→ **Task directions**
Leaving out all pictures, restate word for word the lines from the one with "Отель NIFOREIKA BEACH HOTEL & BUNGALOWS 3*" through the last line of the entries.

★ ★ ★ ★ ★

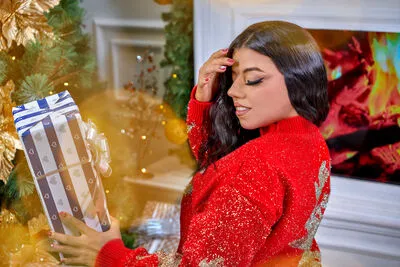 Live sex webcam photo for ArianaSantana #290194026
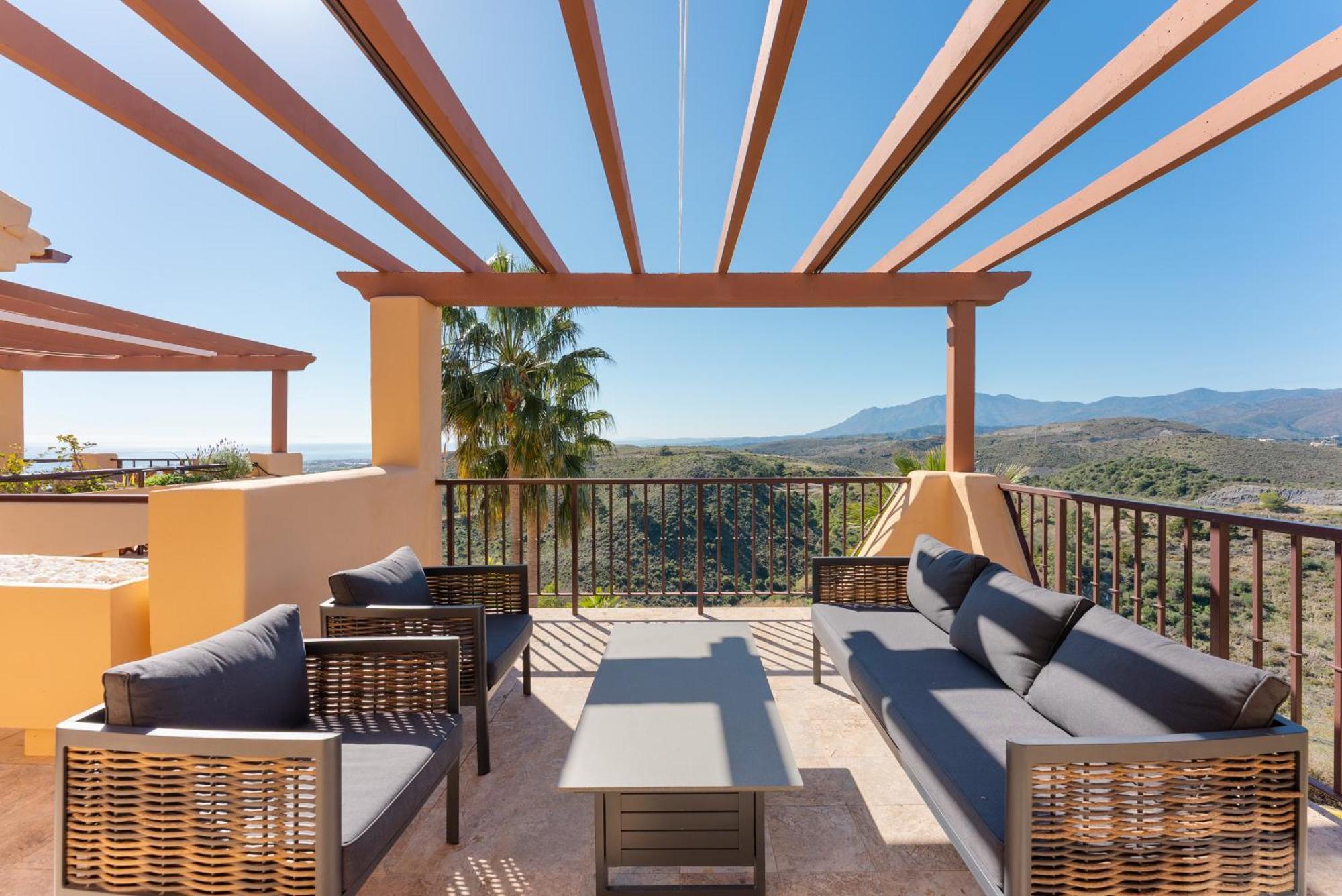 Apartment Stunning 3-bedroom Seaview Penthouse Estepona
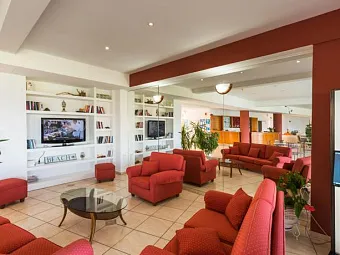 Отель NIFOREIKA BEACH HOTEL & BUNGALOWS 3*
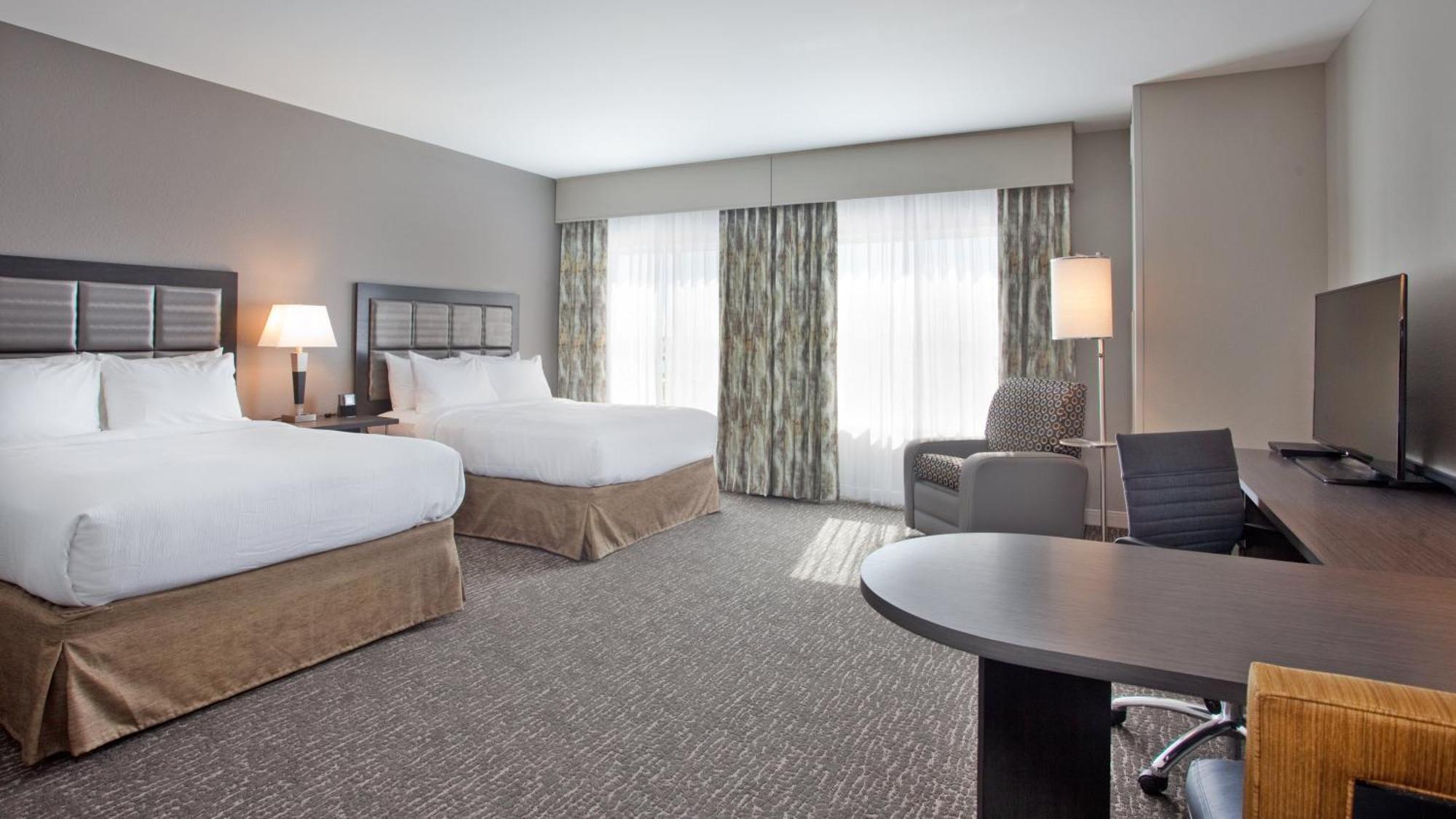 Studio Suite with Two Queen Beds and Hearing Mobility Accessible Tub,1281362578:JPEG
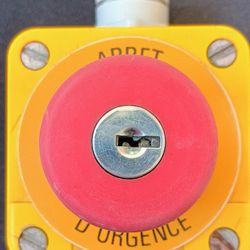 Bouton d'arrêt d'urgence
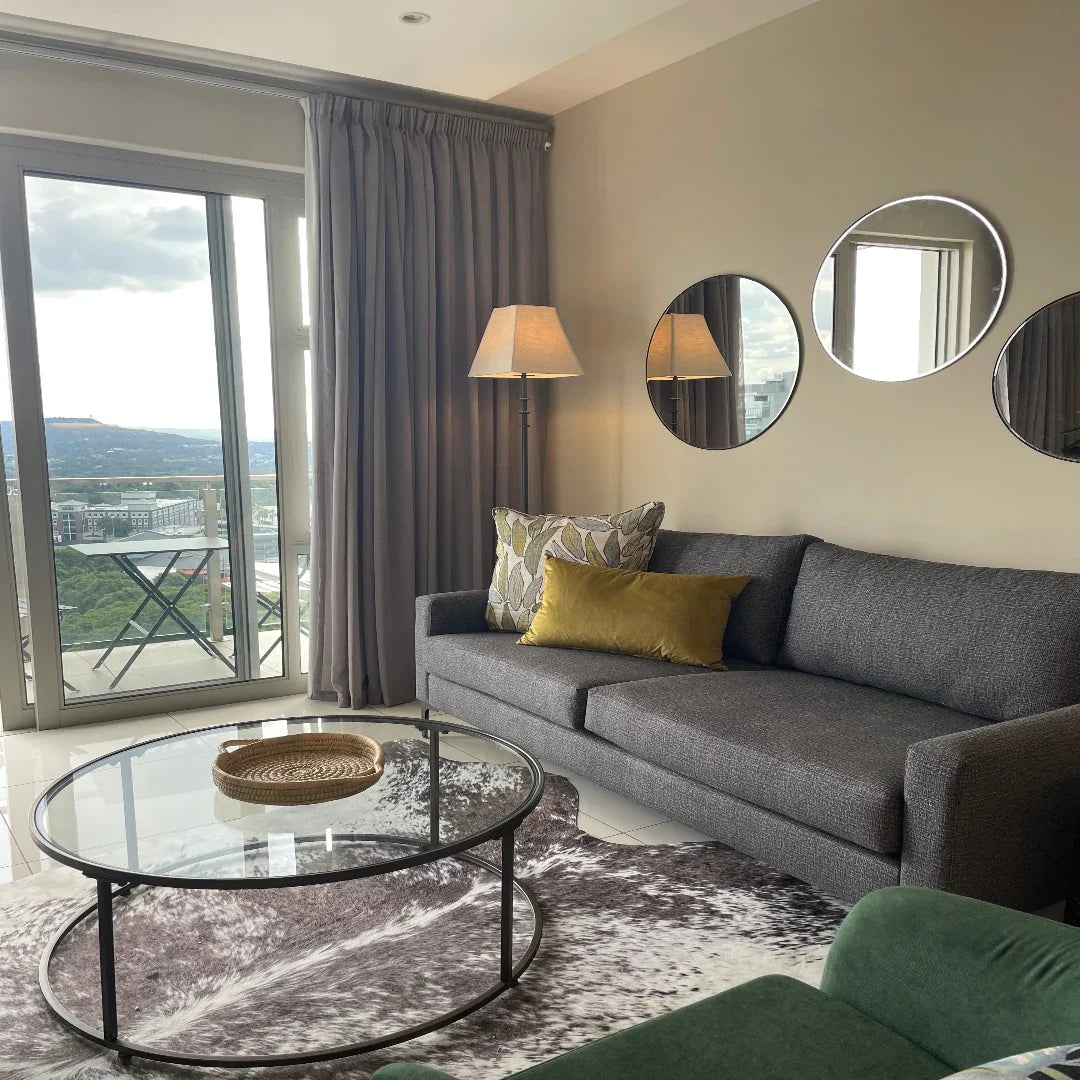 City Escape: A Stylish Airbnb in the Heart of the Action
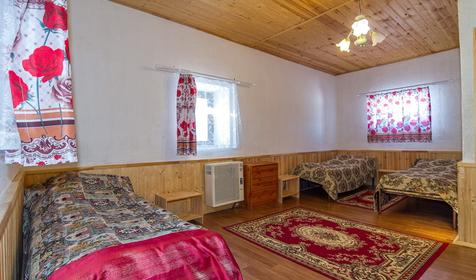 Гостевая комната для 4-х человек. Крестьянско-фермерское хозяйство Усадьба Колхидские Ворота, Апшеронский район, Камышанова поляна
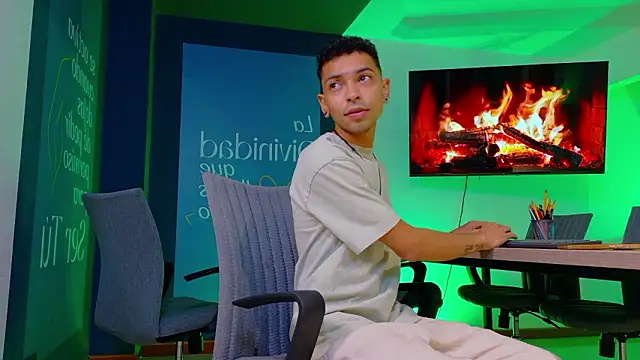 Snapshot of Imtavo chatting on February 1, 1:48 am Imtavo online show from February 1, 1:48 am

★ ★ ★ ★ ★

→ **Answer box**
 Отель NIFOREIKA BEACH HOTEL & BUNGALOWS 3*
 Studio Suite with Two Queen Beds and Hearing Mobility Accessible Tub,1281362578:JPEG
 Bouton d'arrêt d'urgence
 City Escape: A Stylish Airbnb in the Heart of the Action
 Гостевая комната для 4-х человек. Крестьянско-фермерское хозяйство Усадьба Колхидские Ворота, Апшеронский район, Камышанова поляна
 Snapshot of Imtavo chatting on February 1, 1:48 am Imtavo online show from February 1, 1:48 am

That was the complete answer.